A white tablecloth brasserie, Metro Marché, officially opened its French doors yesterday across the hallway from the Peter Pan ticket counter at the Port Authority Bus Terminal — a place where until yesterday the only French fare could be found at the Au Bon Pain.
Once occupied by the Silver Bullet Saloon, the Metro Marché space above the A, C, and E subway station stood vacant for several years. Now it is being filled with the bus terminal’s first fine-dining facility, an early step in a long-term plan to revamp the dingy station into something more modern and elegant.
The terminal, known for its badly lit corridors and low ceilings, is often associated with gloomy scenes of urban life, a memory of the days, not so long ago, when its walls were covered in graffiti and loiterers were a common sight in front of bus gates.
Yesterday, the deputy executive director of the Port Authority, James Fox, spoke of a station “renaissance,” and pointed to Grand Central Terminal as an example of what the bus terminal aspires to become.
A tourist from Spring, Texas, Ross McDonald, said he was “rather surprised” to discover a brasserie at the bus station. Others were quicker to suspend their disbelief and forget their immediate surroundings. “I don’t even think that I’m in Port Authority right now,” a Hoboken resident, Melissa Bartolucci, said as she settled into a low plush booth and began eating a platter of eggs and hand-cut fries.
Metro Marché is owned by Simon Oren, who also owns Nice Matin, Barbounia, Marseille, and Pigalle, among other French brasseries in New York. A manager of Metro Marché, Ty Sully, said he hopes the restaurant will evoke nostalgia for the “classic transit hubs of the past, when people dined in style.”

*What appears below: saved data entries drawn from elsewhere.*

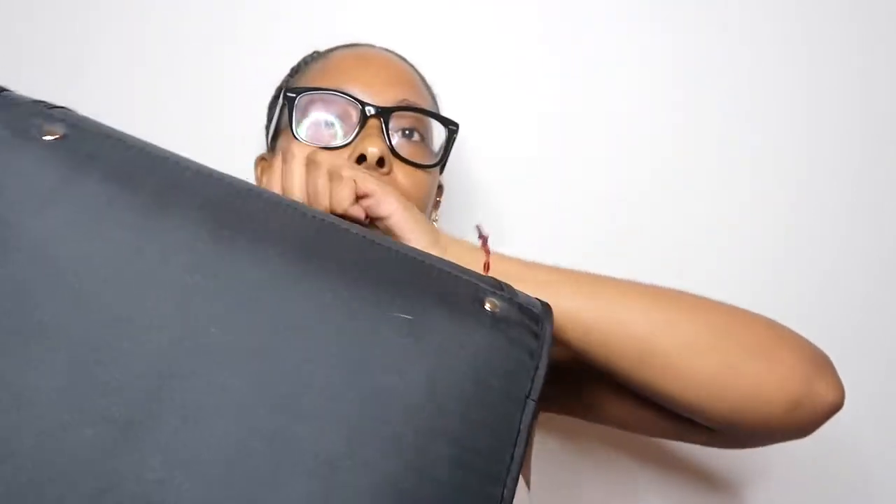This binder setup is for the fall semester and I can zip it up — the binder I had before didn't zip, and pens would just fall out. I really like the zipper. I do wish it had a handle like a briefcase, but it grips well so it's fine.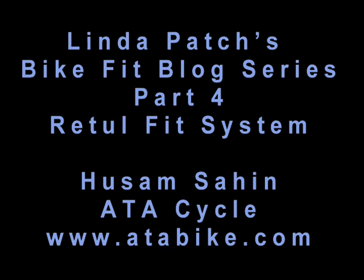Welcome to the BikeFit blog series part 4. In this primer, Hussam Sahin gives us an introduction to the cutting-edge Retool Fit system. You'll see how his ability to watch a rider pedal in 3D alerts him to knee tracking problems that need correction with this particular individual. We'll also see the Retool system at work in Nolan Watts' final time trial BikeFit. Retool has been chosen by USA Triathlon as the BikeFit analysis system for its national program.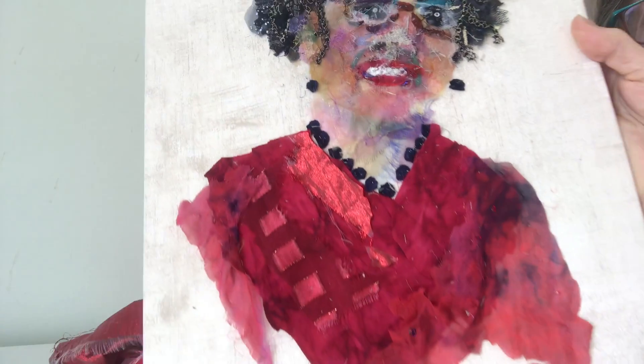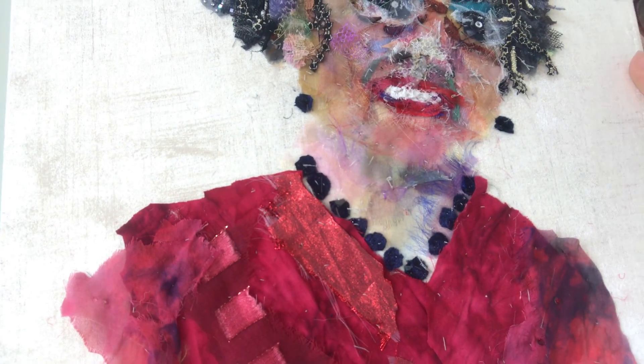So close up, you can see some of the bits that I've used.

Under the culinary direction of chef Simon Glenn, formerly of the meatpacking district’s Spice Market, Metro Marché is looking to attract power-lunchers, tourists, and a pre-theater crowd to its tables, according to Mr. Sully. He said he expects a boom in lunch business when the New York Times moves its headquarters into the building across the street, which is currently under construction.
The restaurant is paying $90 a square foot to rent the 5,000-square-foot space from the Port Authority of New York and New Jersey.
In addition to wooing more appealing vendors to fill its storefronts, the Port Authority will release a comprehensive report in the next year outlining development plans for the terminal’s underused North Wing, according to an agency spokesman, Tony Ciavella. “This is obviously a first step,” Mr. Ciavella said of the restaurant opening yesterday.
Vornado Realty Trust and the Lawrence Ruben Company are also in talks with the Port Authority about building a 40-story office and hotel tower above the bus terminal.